From the first line to the last, copy the material exactly and leave the pictures out.

TASK INPUTS:
---*---

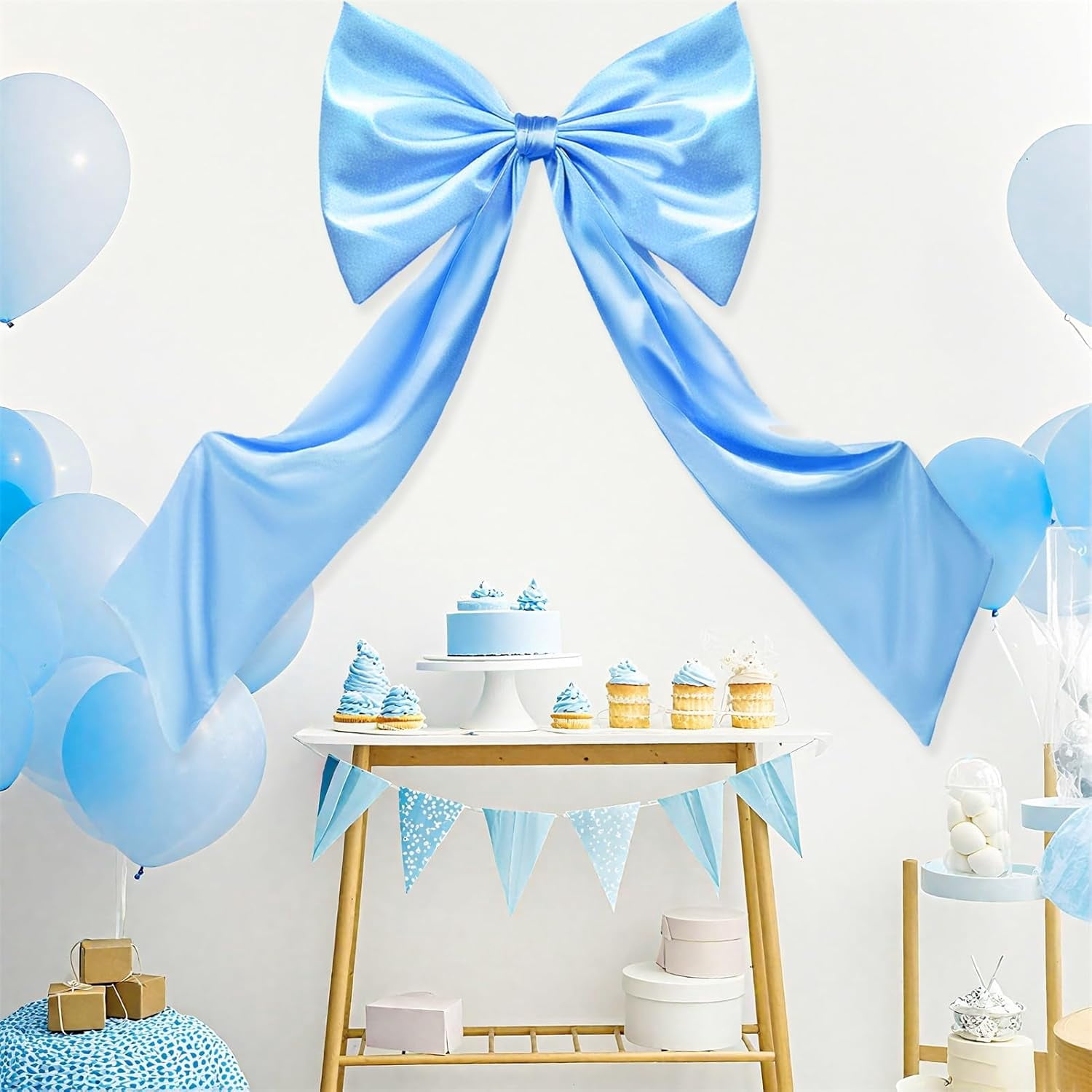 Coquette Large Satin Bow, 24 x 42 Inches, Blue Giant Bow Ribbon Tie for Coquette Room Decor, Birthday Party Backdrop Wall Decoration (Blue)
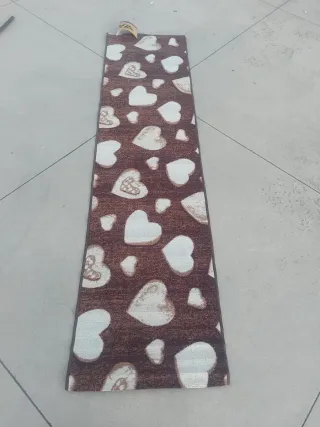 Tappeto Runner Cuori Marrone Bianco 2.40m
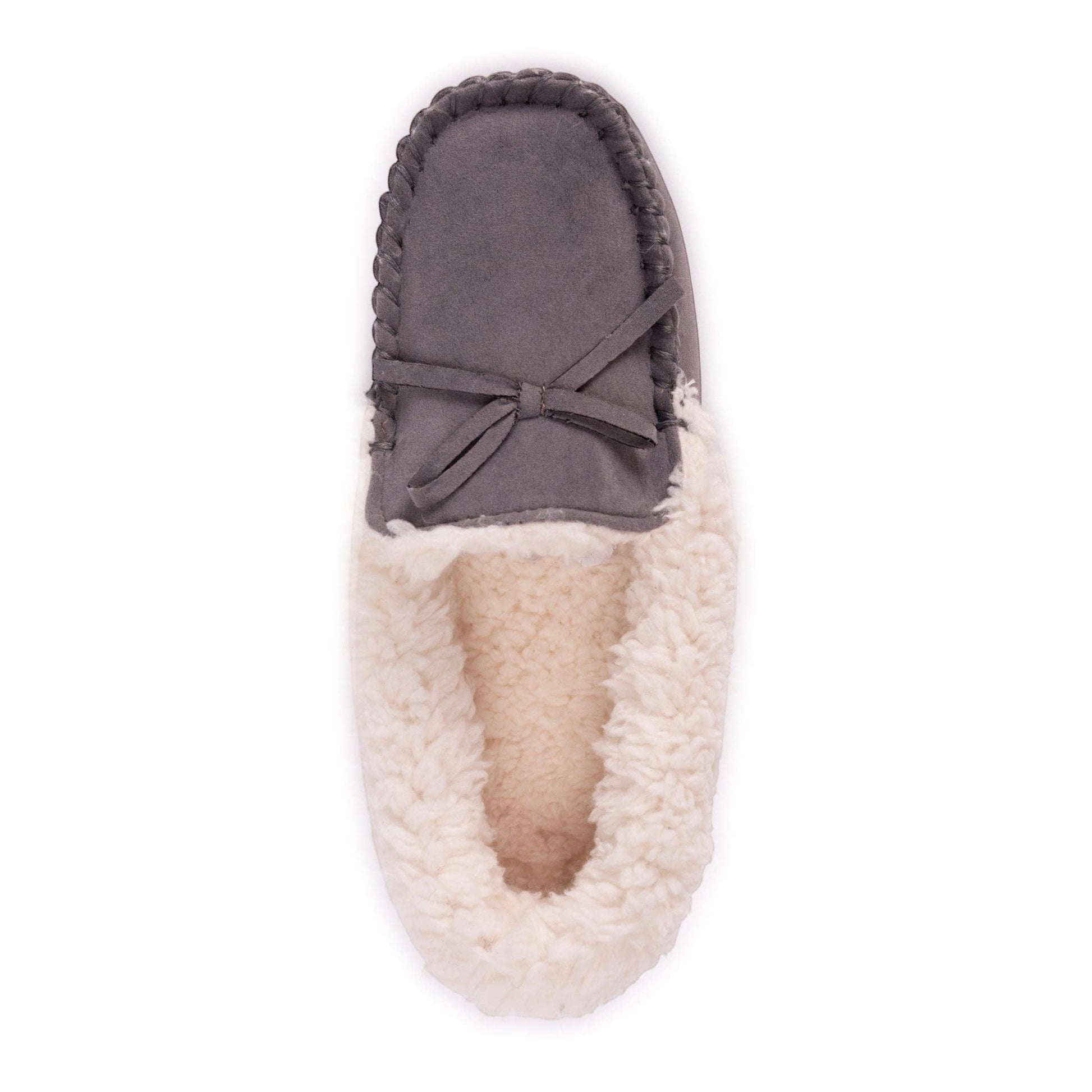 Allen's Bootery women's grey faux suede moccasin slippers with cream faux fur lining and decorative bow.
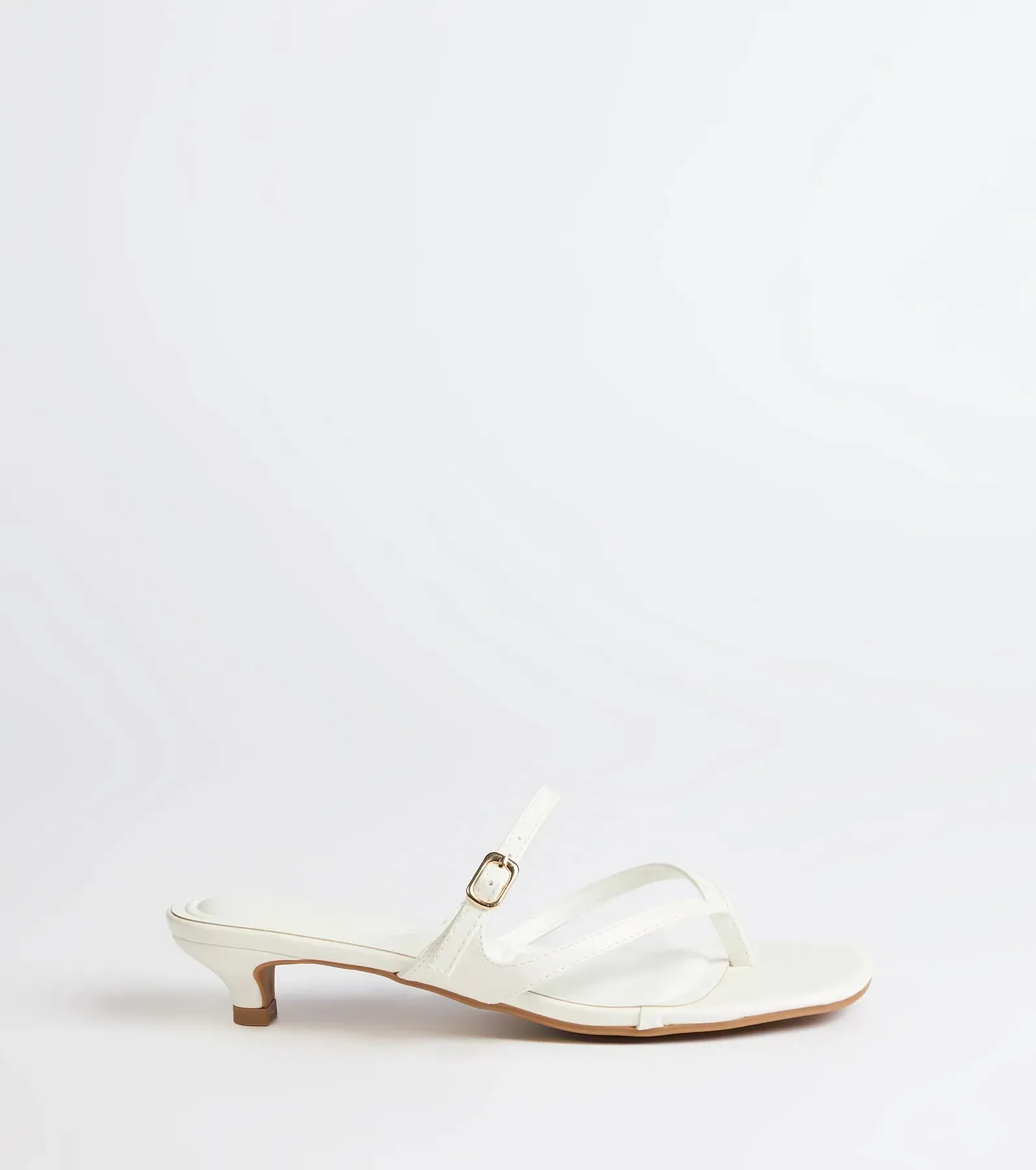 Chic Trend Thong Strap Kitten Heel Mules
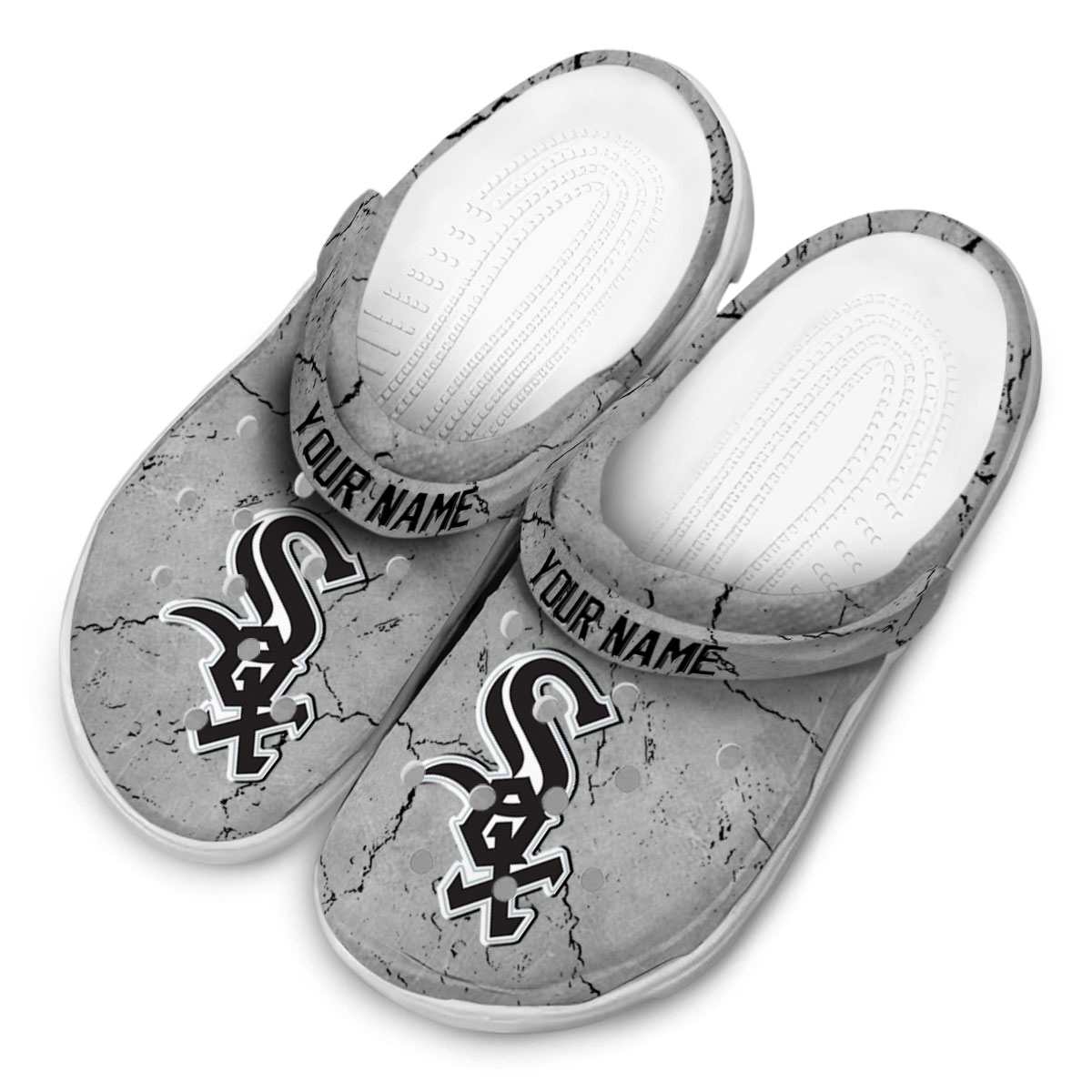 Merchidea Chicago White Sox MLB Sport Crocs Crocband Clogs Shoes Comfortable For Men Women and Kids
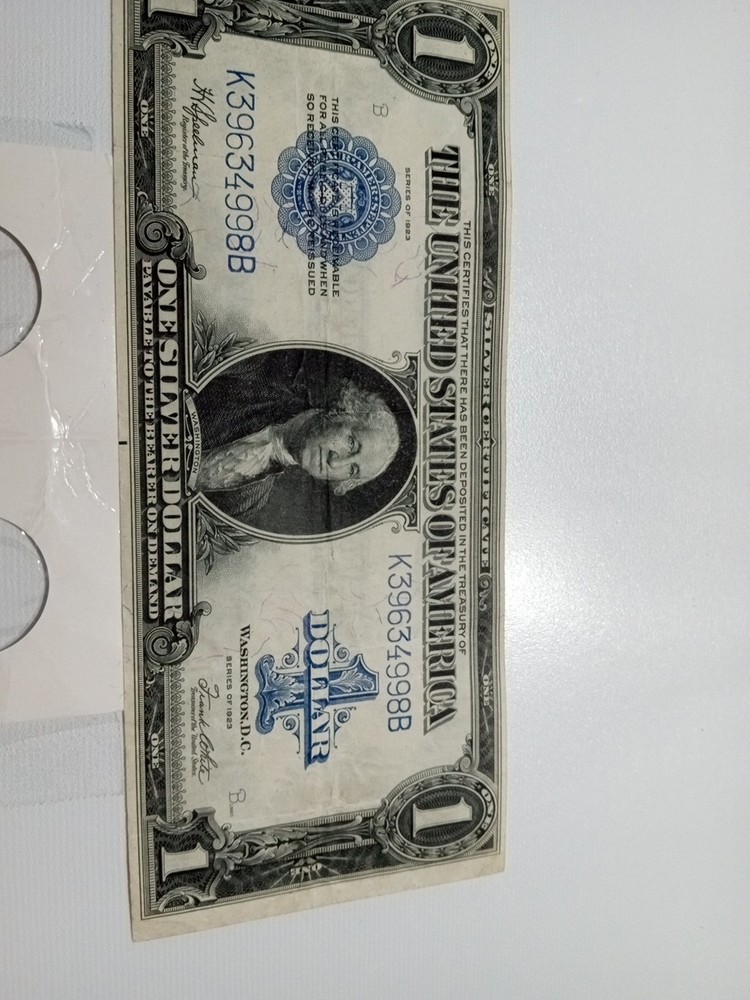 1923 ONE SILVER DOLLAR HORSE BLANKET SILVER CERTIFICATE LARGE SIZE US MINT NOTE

---*---

ANSWER TO THIS TASK:
 Coquette Large Satin Bow, 24 x 42 Inches, Blue Giant Bow Ribbon Tie for Coquette Room Decor, Birthday Party Backdrop Wall Decoration (Blue)
 Tappeto Runner Cuori Marrone Bianco 2.40m
 Allen's Bootery women's grey faux suede moccasin slippers with cream faux fur lining and decorative bow.
 Chic Trend Thong Strap Kitten Heel Mules
 Merchidea Chicago White Sox MLB Sport Crocs Crocband Clogs Shoes Comfortable For Men Women and Kids
 1923 ONE SILVER DOLLAR HORSE BLANKET SILVER CERTIFICATE LARGE SIZE US MINT NOTE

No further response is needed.